How the study was done

For the researchers to conduct the study, they brought on board data of more than 73,000 Denmark births. They analyzed this data and found out that the possibility of children whose mothers smoked 10 or more cigarettes during pregnancy stood a higher chance of developing a chronic tic disorder. Their risk was calculated to be 66 percent.

Tics are sudden, repeated, non-rhythmic muscle movements, which are accompanied by sounds or vocalizations. After one has suffered both motor and vocal tic for more than a year, the Tourette syndrome is usually diagnosed. Treatment of tics is only done when they begin to interfere with the child’s self-image or activities. Some of the treatment options available are antipsychotic, clonidine or cognitive behavioural therapy.

The severity of tics is varies widely and they happen in close to 20% of children, most of whom do not undergo diagnosis or any evaluation. The most severe type of tics is Tourette syndrome and happens in happens in 3 – 8 children per 1000. The male to female ratio of occurrence is 3:1.

Typically, tics begin at the ages of 4 years to 6 years but before 18. When the child gets to the age of 10 to 12, they increase to the peak and then start to decline in adolescence. By the time adolescence comes to an end, they disappear completely by progress to adulthood in about 1 percent of the children. The etiology is not defined, but tics seem to be linked to one’s family. There are some families in which it draws a pattern of dormancy.

Scope of the study

Mothers who smoke heavily during pregnancy were shown by the study to have caused twofold to threefold increase in a child’s risk for chronic tics in combination with other neuropsychiatric conditions, like attention-deficit/hyperactivity disorder (ADHD).

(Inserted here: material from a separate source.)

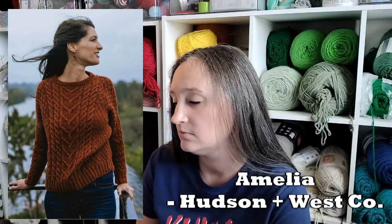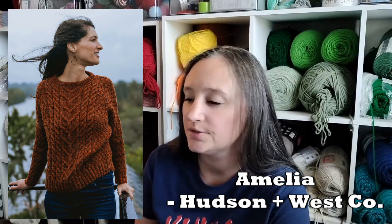The one from Blue Sky Fibers was worsted weight, and next up is also worsted weight. This comes from Hudson & West — it is the Amelia. I've got two cabled sweaters in here and one with polka dots. This one has a large central cable with rope twists on either side, and then basket weave stitches for the sides and arms. I think it was the basket weave stitches that drew me in because I haven't done a whole lot of those, and it looks really fun.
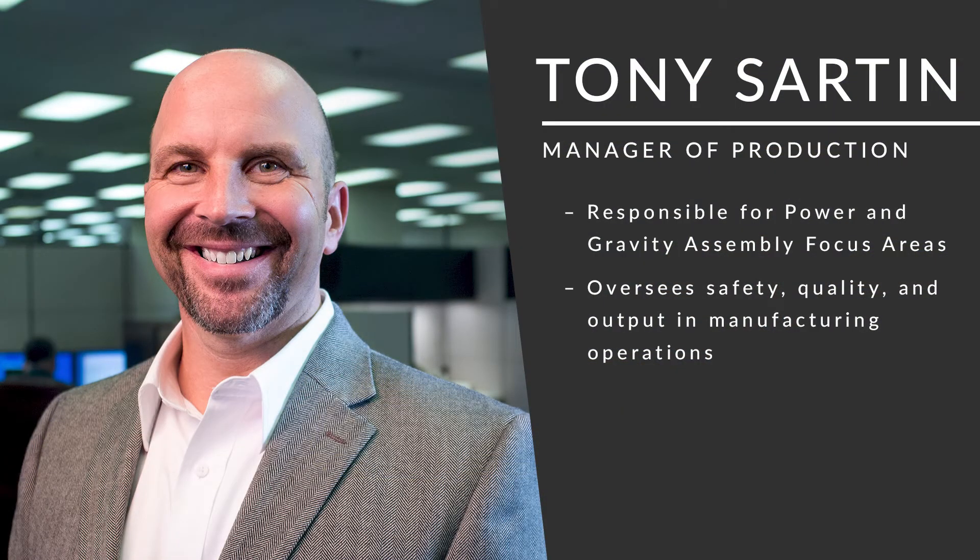Today we have Tony Sarton here. He is our Manager of Production and is responsible for our power and gravity assembly focus areas. Thanks for joining us — we'd love to talk about the manufacturing side of the business. The most important things day-to-day are overseeing safety, quality, and output each day. Then we communicate our plans and do everything we can to execute to those plans.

Dr. Dorothy Grace, a professor of psychiatry at the Icahn School of Medicine at Mount Sinai in New York City and also senior study author said that it is important we identify causes for chronic tic disorders. The importance of doing so is that once the specific risk factors are known, developing more effective prevention mechanisms would be possible.

Grice continued to explain that the findings of the study are a pointer to the fact nicotine exposure impacts brain development in a fatal manner. But the study failed to prove a cause-and-effect relationship. She said that the next study should aim at knowing how environmental factors affect the risk.

The other effects of maternal smoking are that it causes premature births and birth of underweight babies. This, later on, affects the behavior of the child causing the problems discovered by the study.

The study was published in the September issue of the Journal of the American Academy of Child and Adolescent Psychiatry.